In essence, it’s absolutely right to worry about the state of the world’s forests but phytoplankton also plays a crucial role in the production of the oxygen we breathe. For this and other reasons, space agencies such as NASA and the French CNES together with other organizations collaborated in the CALIPSO (Cloud-Aerosol Lidar and Infrared Pathfinder Satellite Observation) mission, which has various purposes related to environmental investigations. The satellite is equipped with the CALIOP (Cloud-Aerosol Lidar with Orthogonal Polarization) instrument, a Lidar system, capable of detecting data through fog, clouds and darkness.
The CALIOP instrument was able to conduct for nearly a decade continuous measurements in the oceans in the polar regions monitoring plankton and in particular phytoplankton. In the past, various monitoring of this kind were conducted with other satellites that detected the sunlight reflected from the oceans in the polar regions but that kind of monitoring is limited because in the winter darkness is constant and clouds are a problem. A Lidar, which is based on a laser, eliminates that problem.
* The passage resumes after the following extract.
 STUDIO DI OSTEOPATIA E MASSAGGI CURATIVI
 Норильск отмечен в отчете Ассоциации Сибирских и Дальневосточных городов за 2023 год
Although the CALIOP instrument is not designed for this type of research, its characteristics allowed to make a big step forward in the surveys of phytoplankton and its vital cycles. Researchers can now see when these microorganisms bloom and their relationships with their predators. In short, they can see much better the changes in their ecosystems.
Given the phytoplankton’s importance in the production of oxygen and for the oceans’ ecosystems, this type of satellite observations will be developed. New Lidar systems that can detect with greater accuracy the presence of phytoplankton are being tested so in the next few years we can expect an improvement in our knowledge of these organisms’ cycles.